Masks slip away the moment things change. So, this isn't a love story, because it was never real love. But, who knew essential life lessons would come in the time of quarantine?
You think that you're a good judge of character, and it's not easy for others to fool you? Well, you cannot always be right, especially when you catch feelings. And during quarantine, we face some awkward, challenging moments. This is the ultimate test for every couple. I am consciously uncoupled, and I don't blame the virus.
When things were normal, before COVID-19 and quarantines, I felt lucky. I sort of believed that this might be real love. After over a month and a half, I now know that I fell in love with a selfish, spoiled man-child, but it is what it is. Here's what I learned:
People Wear Masks
The guy in question had everything: he was good looking, knowledgeable, and funny. He had a decent job and didn't mind my very eclectic nature. But, as soon as things got serious, I was no longer a priority. It was his job, and I got it. He was afraid that he'll lose it, but it's not like we were going to starve. So, yeah, it was hard, but it's not like I don't understand the basics of human nature.
What triggered me was his behavior. His bursts of rage, anger, and even breaking stuff, made me feel unsafe. I was doing my part: going to the store and taking the dog out. Also, I had to keep his spirit up, to make a fool out of myself, and entertain him. So, I was protecting someone who wasn't acting like a responsible adult. Great.
Lesson learned: when things get tough, masks slip. I am the one who can deal with the crisis, even though I am a generally anxious person, stuck in "what if" scenarios. A guy who had it all together was a jerk, and I, for the first time, was scared that he might do something to me.
Real Love vs. Infatuation
My dream partner (sort of) saw the real me for the first time. We were together 24/7, and I hated it. It was the first time someone asked me to dress up. Dude, it's a worldwide crisis, pandemic, I will wear freaking PJs and thank God that I am ok. I am not putting on makeup, pretending that I care other than wearing clean clothes.
It's hard to admit, but the guy was clearly into my looks. He didn't appreciate that I was staying calm and tried to work as much as possible. No, I can't cook, but I did my best. And yes, it's my dog, but please, he didn't even bother to take the little guy out once.
It's not like I stopped showering and became a couch potato. I merely stopped wearing any makeup, and my hair was always in a bun. Still is. So superficial!
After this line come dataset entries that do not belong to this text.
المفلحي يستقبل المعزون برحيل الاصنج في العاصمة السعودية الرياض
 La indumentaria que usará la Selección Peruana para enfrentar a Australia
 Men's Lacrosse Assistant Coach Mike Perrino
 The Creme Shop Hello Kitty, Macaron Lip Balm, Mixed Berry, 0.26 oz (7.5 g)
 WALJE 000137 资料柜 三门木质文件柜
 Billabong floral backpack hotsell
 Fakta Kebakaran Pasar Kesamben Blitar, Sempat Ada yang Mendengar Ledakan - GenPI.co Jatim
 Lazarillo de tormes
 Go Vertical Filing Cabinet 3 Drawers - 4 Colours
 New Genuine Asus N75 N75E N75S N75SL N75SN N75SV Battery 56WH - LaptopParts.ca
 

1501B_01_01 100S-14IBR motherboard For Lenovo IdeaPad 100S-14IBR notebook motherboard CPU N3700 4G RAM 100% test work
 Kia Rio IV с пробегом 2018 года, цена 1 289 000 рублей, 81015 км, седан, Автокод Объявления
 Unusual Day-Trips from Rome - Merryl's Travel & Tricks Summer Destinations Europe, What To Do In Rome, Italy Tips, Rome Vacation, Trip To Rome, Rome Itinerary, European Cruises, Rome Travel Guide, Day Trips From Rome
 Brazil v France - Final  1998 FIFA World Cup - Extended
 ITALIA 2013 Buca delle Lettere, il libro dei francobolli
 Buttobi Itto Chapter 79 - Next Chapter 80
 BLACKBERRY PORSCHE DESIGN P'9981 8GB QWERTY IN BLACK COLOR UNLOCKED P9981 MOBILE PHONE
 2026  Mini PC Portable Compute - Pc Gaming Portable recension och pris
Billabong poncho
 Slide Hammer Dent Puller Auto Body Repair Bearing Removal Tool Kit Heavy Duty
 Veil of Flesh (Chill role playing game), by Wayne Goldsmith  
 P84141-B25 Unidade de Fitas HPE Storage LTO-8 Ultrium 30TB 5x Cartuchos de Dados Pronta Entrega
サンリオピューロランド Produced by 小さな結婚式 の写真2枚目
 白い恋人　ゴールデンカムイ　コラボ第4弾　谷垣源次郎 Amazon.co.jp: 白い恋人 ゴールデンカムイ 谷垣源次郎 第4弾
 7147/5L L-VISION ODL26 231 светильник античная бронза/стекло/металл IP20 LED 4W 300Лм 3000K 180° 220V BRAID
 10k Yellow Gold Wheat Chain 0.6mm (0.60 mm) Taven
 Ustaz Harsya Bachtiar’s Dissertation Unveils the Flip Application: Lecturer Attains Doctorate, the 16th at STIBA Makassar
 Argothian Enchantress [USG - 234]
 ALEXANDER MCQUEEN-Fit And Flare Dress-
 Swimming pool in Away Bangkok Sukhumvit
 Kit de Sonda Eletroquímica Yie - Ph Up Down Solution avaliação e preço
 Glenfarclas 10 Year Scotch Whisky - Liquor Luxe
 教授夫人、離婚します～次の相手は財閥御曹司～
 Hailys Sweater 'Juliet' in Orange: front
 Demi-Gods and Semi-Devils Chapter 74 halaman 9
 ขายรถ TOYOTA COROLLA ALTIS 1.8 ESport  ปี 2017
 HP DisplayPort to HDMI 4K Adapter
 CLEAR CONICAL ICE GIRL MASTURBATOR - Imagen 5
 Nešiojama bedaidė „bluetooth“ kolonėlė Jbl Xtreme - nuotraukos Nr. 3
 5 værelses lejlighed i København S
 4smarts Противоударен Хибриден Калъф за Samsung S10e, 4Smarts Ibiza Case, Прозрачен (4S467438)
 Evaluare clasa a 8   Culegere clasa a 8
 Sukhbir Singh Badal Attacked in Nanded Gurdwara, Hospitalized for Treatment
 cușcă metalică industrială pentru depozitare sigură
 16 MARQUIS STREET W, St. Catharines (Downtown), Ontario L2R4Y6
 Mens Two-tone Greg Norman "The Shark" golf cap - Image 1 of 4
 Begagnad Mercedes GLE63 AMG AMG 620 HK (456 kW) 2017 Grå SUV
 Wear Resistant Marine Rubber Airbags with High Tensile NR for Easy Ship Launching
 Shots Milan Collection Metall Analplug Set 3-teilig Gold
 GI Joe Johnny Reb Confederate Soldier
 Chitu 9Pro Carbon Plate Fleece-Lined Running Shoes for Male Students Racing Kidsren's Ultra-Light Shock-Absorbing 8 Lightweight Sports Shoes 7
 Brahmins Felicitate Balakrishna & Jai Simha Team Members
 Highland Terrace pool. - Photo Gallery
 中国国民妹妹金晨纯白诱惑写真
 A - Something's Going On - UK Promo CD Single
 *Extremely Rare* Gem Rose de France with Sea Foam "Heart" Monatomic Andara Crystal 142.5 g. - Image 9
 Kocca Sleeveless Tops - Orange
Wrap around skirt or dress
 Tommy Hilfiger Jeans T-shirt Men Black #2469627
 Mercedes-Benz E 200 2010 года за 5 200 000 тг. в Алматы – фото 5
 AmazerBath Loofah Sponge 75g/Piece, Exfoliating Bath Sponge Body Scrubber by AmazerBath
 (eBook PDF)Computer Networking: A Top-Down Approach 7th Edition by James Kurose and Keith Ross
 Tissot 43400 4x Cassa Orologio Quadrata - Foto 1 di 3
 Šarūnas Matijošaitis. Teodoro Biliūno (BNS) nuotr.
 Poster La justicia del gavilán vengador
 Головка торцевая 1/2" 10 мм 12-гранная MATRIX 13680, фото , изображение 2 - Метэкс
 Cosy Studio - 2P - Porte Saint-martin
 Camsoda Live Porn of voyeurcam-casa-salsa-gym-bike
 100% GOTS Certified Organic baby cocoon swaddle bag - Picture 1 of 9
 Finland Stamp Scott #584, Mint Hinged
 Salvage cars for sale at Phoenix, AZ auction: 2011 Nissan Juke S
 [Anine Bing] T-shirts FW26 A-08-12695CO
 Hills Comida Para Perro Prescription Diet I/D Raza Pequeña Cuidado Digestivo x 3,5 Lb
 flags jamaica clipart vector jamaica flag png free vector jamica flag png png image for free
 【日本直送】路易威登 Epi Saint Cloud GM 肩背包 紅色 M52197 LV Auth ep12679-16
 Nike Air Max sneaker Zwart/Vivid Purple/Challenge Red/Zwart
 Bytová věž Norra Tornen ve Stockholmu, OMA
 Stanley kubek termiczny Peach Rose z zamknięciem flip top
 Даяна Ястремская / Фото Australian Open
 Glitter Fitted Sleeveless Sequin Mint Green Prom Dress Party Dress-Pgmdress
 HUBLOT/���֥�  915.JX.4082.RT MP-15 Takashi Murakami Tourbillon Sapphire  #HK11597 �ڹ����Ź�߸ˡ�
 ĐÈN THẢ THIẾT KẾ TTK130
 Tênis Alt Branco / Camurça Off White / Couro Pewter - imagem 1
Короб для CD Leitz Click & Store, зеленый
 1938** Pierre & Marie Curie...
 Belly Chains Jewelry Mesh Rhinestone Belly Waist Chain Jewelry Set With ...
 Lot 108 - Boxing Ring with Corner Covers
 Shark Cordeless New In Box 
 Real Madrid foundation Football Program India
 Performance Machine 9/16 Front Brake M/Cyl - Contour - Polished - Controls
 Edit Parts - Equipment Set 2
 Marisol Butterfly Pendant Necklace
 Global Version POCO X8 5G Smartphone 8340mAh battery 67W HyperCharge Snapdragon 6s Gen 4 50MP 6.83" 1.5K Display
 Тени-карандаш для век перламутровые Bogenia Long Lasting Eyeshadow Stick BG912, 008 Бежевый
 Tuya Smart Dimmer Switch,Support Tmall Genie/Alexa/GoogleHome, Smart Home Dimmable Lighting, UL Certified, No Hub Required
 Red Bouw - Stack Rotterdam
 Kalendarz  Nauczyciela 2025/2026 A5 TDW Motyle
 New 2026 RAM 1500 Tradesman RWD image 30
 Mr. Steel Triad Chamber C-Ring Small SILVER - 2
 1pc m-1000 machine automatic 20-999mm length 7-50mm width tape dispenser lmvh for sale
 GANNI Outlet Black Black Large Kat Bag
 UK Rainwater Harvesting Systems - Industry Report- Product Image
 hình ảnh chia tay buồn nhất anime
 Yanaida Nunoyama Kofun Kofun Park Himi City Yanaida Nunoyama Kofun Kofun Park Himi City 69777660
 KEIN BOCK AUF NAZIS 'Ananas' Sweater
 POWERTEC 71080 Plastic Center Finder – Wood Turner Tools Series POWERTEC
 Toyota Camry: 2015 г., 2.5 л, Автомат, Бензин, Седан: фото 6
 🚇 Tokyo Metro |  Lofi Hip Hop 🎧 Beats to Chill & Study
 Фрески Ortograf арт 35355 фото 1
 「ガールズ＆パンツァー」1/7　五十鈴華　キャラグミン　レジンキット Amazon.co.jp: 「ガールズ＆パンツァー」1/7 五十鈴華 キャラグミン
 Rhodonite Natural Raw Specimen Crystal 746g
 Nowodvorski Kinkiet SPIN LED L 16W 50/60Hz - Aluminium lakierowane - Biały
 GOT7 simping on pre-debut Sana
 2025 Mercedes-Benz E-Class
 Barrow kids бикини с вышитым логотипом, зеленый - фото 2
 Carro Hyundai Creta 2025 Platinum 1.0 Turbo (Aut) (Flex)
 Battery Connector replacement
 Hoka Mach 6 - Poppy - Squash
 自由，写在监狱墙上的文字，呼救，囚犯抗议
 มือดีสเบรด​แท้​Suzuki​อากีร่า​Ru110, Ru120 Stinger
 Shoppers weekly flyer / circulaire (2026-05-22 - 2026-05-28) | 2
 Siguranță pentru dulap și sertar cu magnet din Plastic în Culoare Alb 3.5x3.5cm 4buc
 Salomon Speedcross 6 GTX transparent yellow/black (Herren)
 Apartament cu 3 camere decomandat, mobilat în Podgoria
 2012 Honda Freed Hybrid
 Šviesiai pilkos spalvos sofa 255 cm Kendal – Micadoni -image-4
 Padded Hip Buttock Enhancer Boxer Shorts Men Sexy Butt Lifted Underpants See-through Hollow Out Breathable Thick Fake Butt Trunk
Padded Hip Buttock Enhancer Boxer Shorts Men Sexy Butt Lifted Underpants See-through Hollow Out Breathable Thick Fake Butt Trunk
I am a person, so if you want perfection, buy a blow-up doll.
I thought it was cute that he was kind of jealous. He was mostly joking around. But, when you're together all the time, and you don't have a man, but a spoiled boy, he wants all the attention. So, he started giving me the stink eye whenever my friends Facetimed.
We survived three weeks, and I had enough. No one can order me when to talk to my friends and family. And no wonder people are joking that once this chaos is over, there will be many breakups and divorces. I can't imagine what other women are going through. I hope they have a support system, and I sound whiny even when I think about my vs. their situation.
The first sign of jealousy is a major red flag. So, it's more than a quarantine lesson. Anyway, I am lucky, since my family has my back. I could go on and on, about all the little, but still, important things that happened during a short time. From blasting the news, while I'm working, to insulting me for picking the wrong cheese. But life goes on.
Real love is kind, and it makes you feel safe. It makes you want to be a better person. If this didn't happen during the COVID-19 disaster, I wouldn't get to know his real nature until we had kids, probably. Ladies, keep your heads up and don't let anyone walk all over you, with or without the state of emergency.
Of course, I cannot feel grateful, because people are dying, and this isn't a joking matter. But, I am glad I got this experience. And I certainly will be more cautious when I meet someone new.